**INSTRUCTIONS FOR THE TASK**
Hand back, word for word, the lines from the one containing "West Bengal Kolkata Public Areas" to the end of the records, both included, and leave out pictures.

(Pictures with short captions)
::::

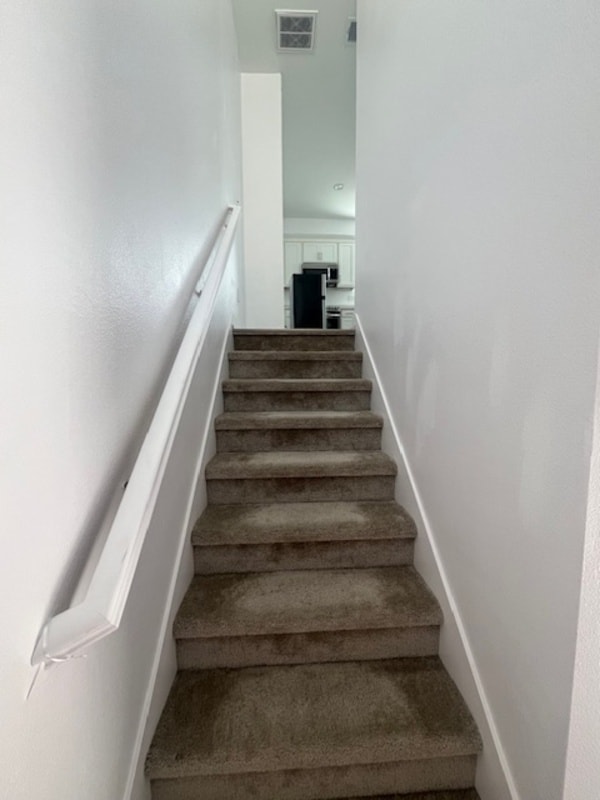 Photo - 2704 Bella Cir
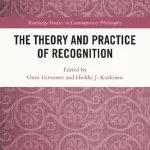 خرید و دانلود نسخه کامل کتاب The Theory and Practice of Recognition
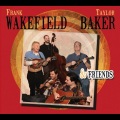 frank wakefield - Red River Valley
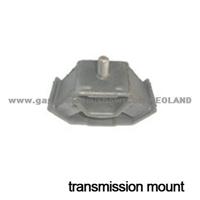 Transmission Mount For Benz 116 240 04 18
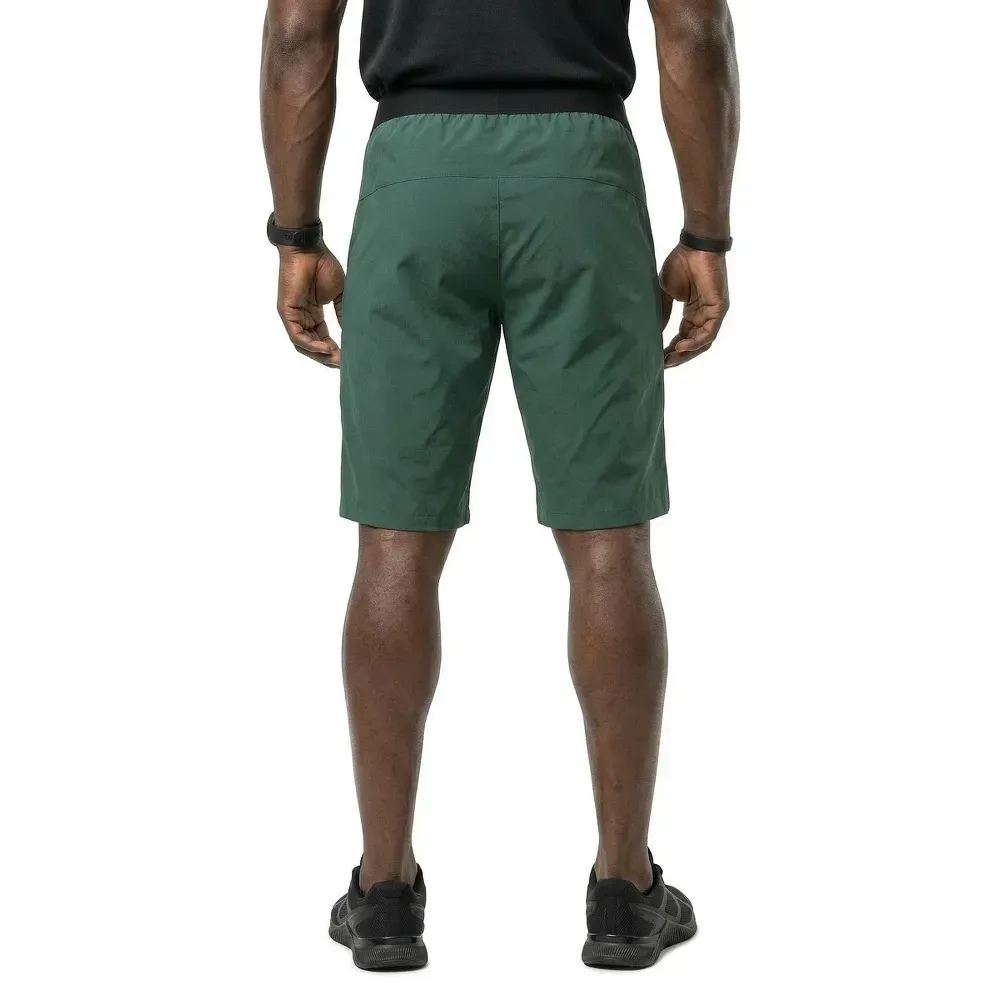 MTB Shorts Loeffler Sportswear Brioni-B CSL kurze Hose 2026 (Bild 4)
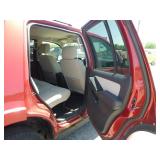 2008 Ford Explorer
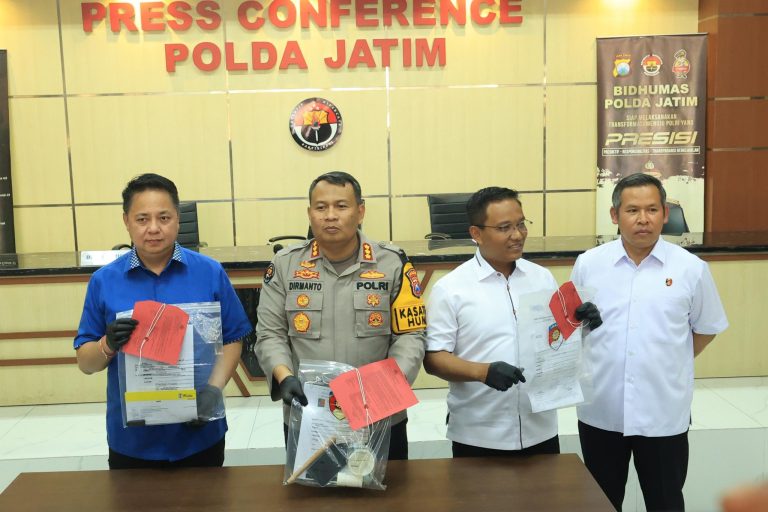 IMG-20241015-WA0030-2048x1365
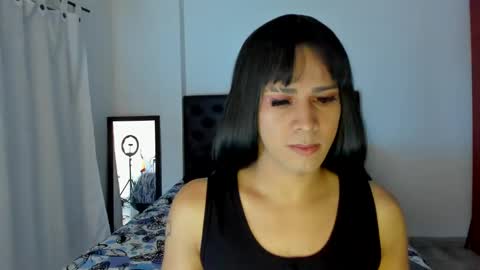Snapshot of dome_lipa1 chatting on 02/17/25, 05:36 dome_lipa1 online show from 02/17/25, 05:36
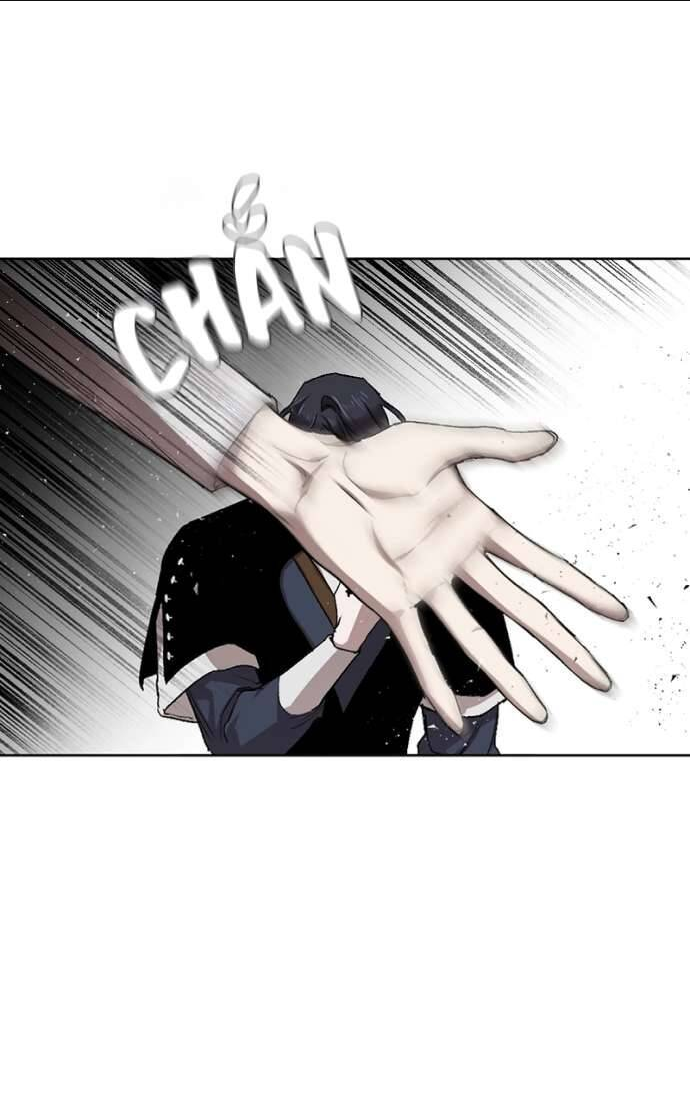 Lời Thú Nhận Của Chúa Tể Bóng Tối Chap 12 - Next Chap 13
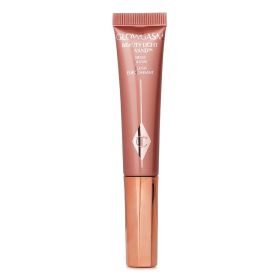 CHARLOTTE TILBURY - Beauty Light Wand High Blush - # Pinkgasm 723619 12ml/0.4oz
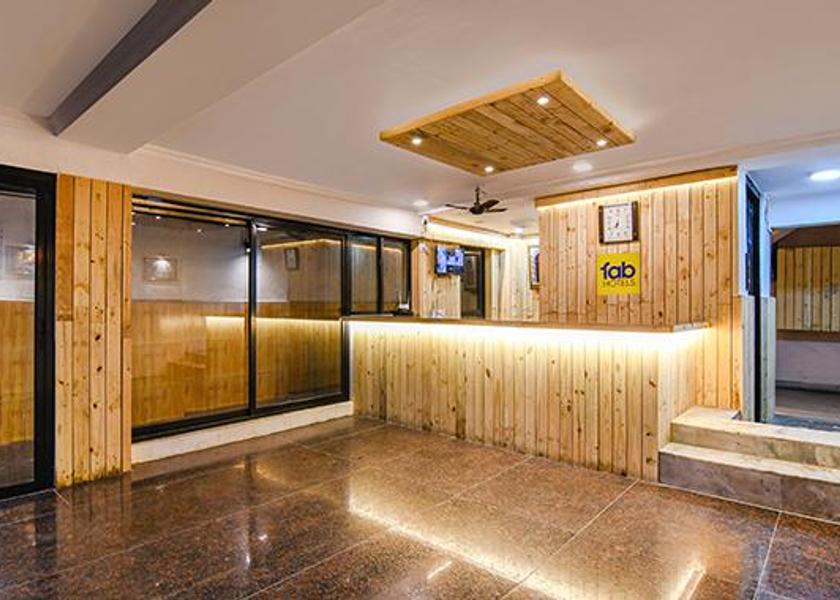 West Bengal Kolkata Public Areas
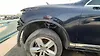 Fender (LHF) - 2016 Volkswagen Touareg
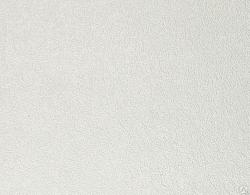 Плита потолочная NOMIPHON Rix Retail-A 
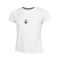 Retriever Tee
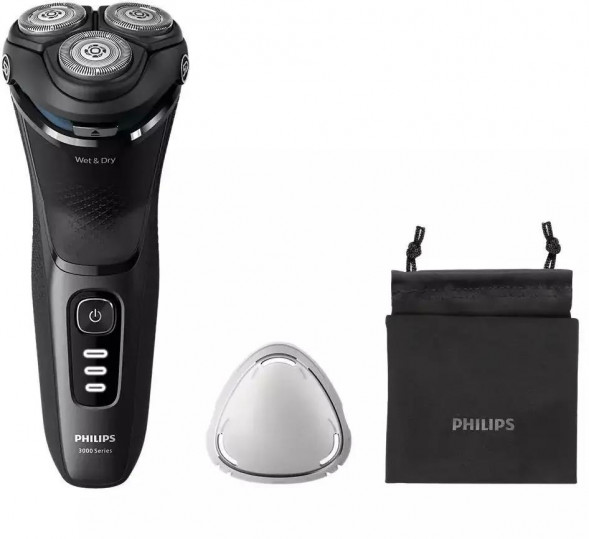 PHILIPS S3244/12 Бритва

::::

**TASK RESPONSE**
 West Bengal Kolkata Public Areas
 Fender (LHF) - 2016 Volkswagen Touareg
 Плита потолочная NOMIPHON Rix Retail-A 
 Retriever Tee
 PHILIPS S3244/12 Бритва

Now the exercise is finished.